If you have read the Wall Street Journal article on picking roommates or Maureen Dowd’s New York Times’ column, you’ll have seen the recent buzz about social media roommate matching systems that aim to pair like-minded roommates together. Messy with messy and all will be neat — that sort of thing. Primarily, it’s geared towards college students who are embarking on their own for the first time.
Dowd makes that point that it’s the experience of living with different people that hardens one up for the Real World of difficult coworkers and all the other difficulties of life. All she and her college roommates could all agree on eating was, apparently, corn (did she also walk 10 miles in the snow everyday to get to class?!)
As someone who’s had her fair share of lovely and awful roommates, her concerns also sound pretty illogical to me. The idea, that young college freshman wouldn’t experience adversity just because they have a copacetic roommate is pretty removed from reality. Um, what about the rest of the 1,999-40,000 other students on campus left to deal with?

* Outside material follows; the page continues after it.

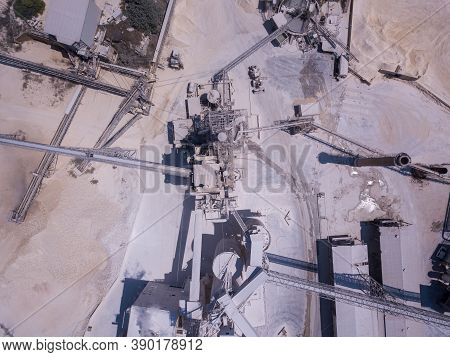 Large Quarry Stone Sorting Conveyor Belts And An Open Pit Mine.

Let alone professors and employees/bosses at after school jobs? Growing up is damn, hard! I worked at our newspaper during school and, believe you me, I met plenty of weirdos covering campus-wide and Boston events. Give a kid some peace, Maureen.
One of the blessings of a first apartment, if making your own choices that work for you — no more housing match-up or parental micromanaging.
Should you look for someone with diverse tastes to be friends with? Most certainly. But, should you try to intentionally try to find someone of various different tastes to be your roommate? No way. It’s hard enough living with another human being, let alone one who prefers rap to your country, has different perception of clean, or wants friends over often if you prefer the quiet company of tea and a novel. That just sucks for everyone.
If only the rest of life was so easy, that we’d NEED a difficult roommate to ‘wise up.’